Saturday, April 9, 2011

Self-Esteem

"Scientists have not been able to find any correlation between a child's self-esteem and any important behavior or skill in a child's social, emotional, or intellectual life."   Life Skills for Kids

Do not think of yourself more highly than you ought, but rather think of yourself with sober judgment, in accordance with the faith God has distributed to each of you.-Romans 12:3

The point is not that feeling bad about ourselves is good, but rather that only two things can truly change how we feel about ourselves. Real accomplishment and real love.
The Problem of Self-Esteem

In recent decades, there was a pop psychology fixation on developing self-esteem    This seemed to be thought of as a cure-all and elixir of well-being.   Then evidence started coming out that whatever phenomenon was defined as "self-esteem" was in fact not correlated to any kind of measurable success.   Some conservatives, suspicious of secular pop psychology, often critiqued the concept sharply, but sometimes they inadvertently muddled distinctions by making achievement or behavior a test of the validity of the term.

"Self-esteem doesn't help kids get better math scores."
"People can have low self-esteem and still succeed in being historically notable."

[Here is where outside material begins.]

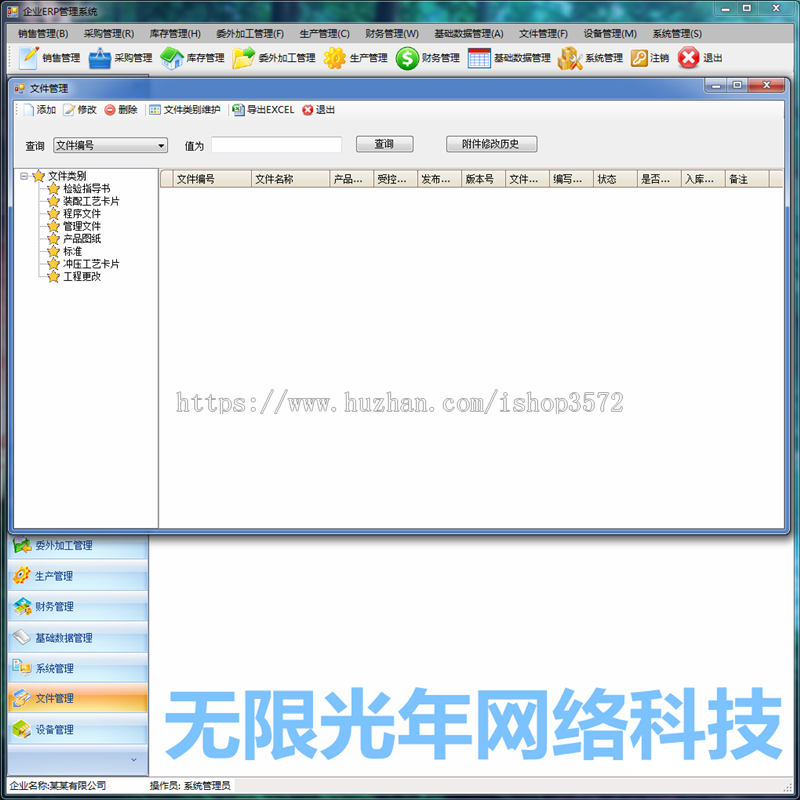 ERP系统 winform框架  进销存系统 CS架构 C#源码 .net框架源码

The problem with this kind of statement seems to be in what it concedes.... that esteem is purely about the exterior, that self-worth is a quantifiable.  Isn't that falling into a slightly older form of pop psychology -- the behavioristic emphasis on exteriors, on measurable outcomes, as the only valid criterion for a psychological concept?

I recently reread Smart Love by William and Martha Pieper, and though I didn't subscribe to everything in the book, I did like their distinction between primary and secondary affirmation.    Benedict's Rule sketches the difference implicitly.    God loves the sinner.   He loves him totally without condition.   Our Savior died for us while we were yet sinners.   Yet God is pleased with the righteous man.    The righteous man, through grace, is part of God's life in a way that the sinner is not, while yet a sinner running from God.   The prayer of a righteous man avails much. 


Primary affirmation, to bring it across to secular psychology terms, is concerned with the child as he exists.  His first need is for sacrificial love and a basic kind of safety.    The physical emblems of love and safety are nourishment and holding.    But just food and a secure container aren't really enough --  nourishment and holding are associated from before birth with physical, relational closeness to another human (the mother). 

Sure, there are other ways to compensate for the lack of this.  Aidan spent his neonatal days flat in a hospital isolette receiving nutrition through a nasal tube.   He's OK emotionally now; we stayed as close as we could then and afterwards. 

Now, secondary affirmation comes slightly later.  The child is carried and observes and reaches and later crawls and walks.    He becomes aware of himself as an agent.   People respond to his voice and expression and what he does.   Later on he develops skills and habits that lead to further successes.   Secondary affirmation has to do with competence.

I think both are good but they aren't meant to stand in for each other.   You want a child who is loved unconditionally as he is, and a child who is approved of for what he does.  In a family it comes naturally to develop both of these alongside each other.   Placing them in opposition is probably not very safe.    A person who develops his self-image based only on what he achieves is a walking Russian roulette.   A person who thinks the world owes him homage just because he wants and craves and hungers is basically a grown-up baby.